╭─ Records provided

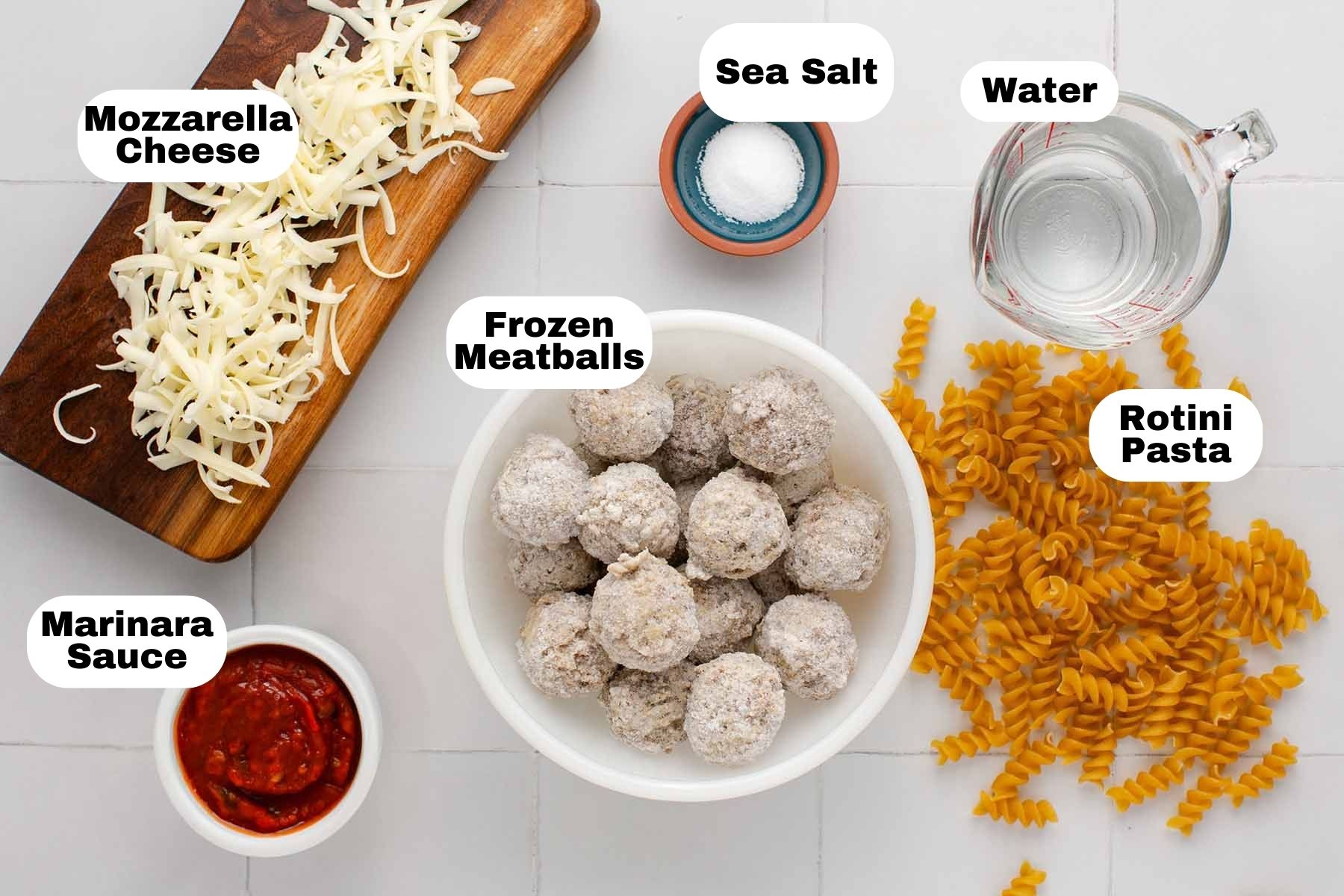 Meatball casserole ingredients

╰─
╭─ Records provided

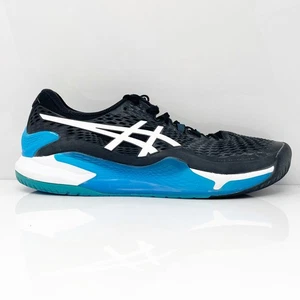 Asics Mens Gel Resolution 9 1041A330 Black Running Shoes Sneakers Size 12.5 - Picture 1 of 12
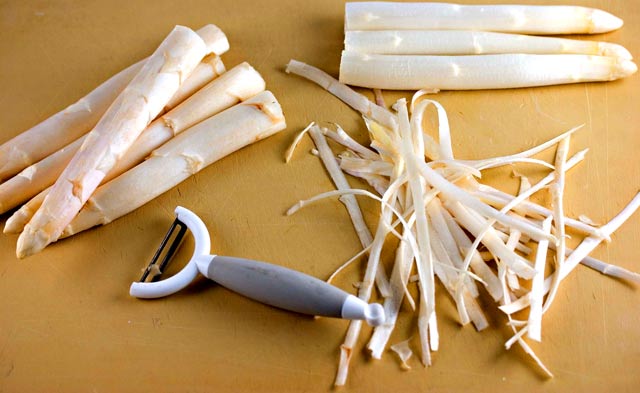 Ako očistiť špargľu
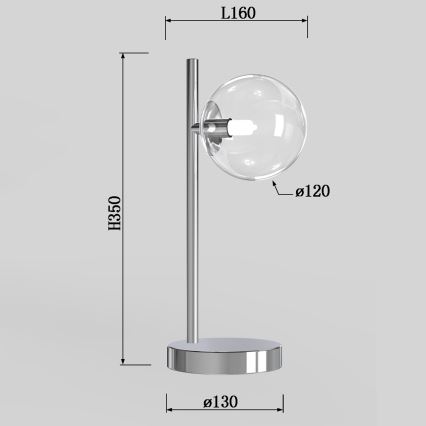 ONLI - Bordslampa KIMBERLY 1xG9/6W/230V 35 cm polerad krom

╰─
╭─ Records provided

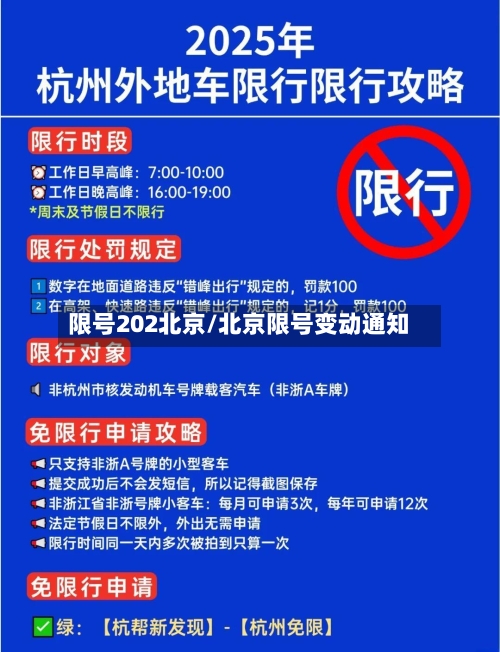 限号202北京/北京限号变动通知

╰─

Exercise instructions
Exercise for the records above: copy only the lines from the one with "Asics Mens Gel" to the one with "ONLI - Bordslampa", both ends kept, and drop the pictures.

Task result
 Asics Mens Gel Resolution 9 1041A330 Black Running Shoes Sneakers Size 12.5 - Picture 1 of 12
 Ako očistiť špargľu
 ONLI - Bordslampa KIMBERLY 1xG9/6W/230V 35 cm polerad krom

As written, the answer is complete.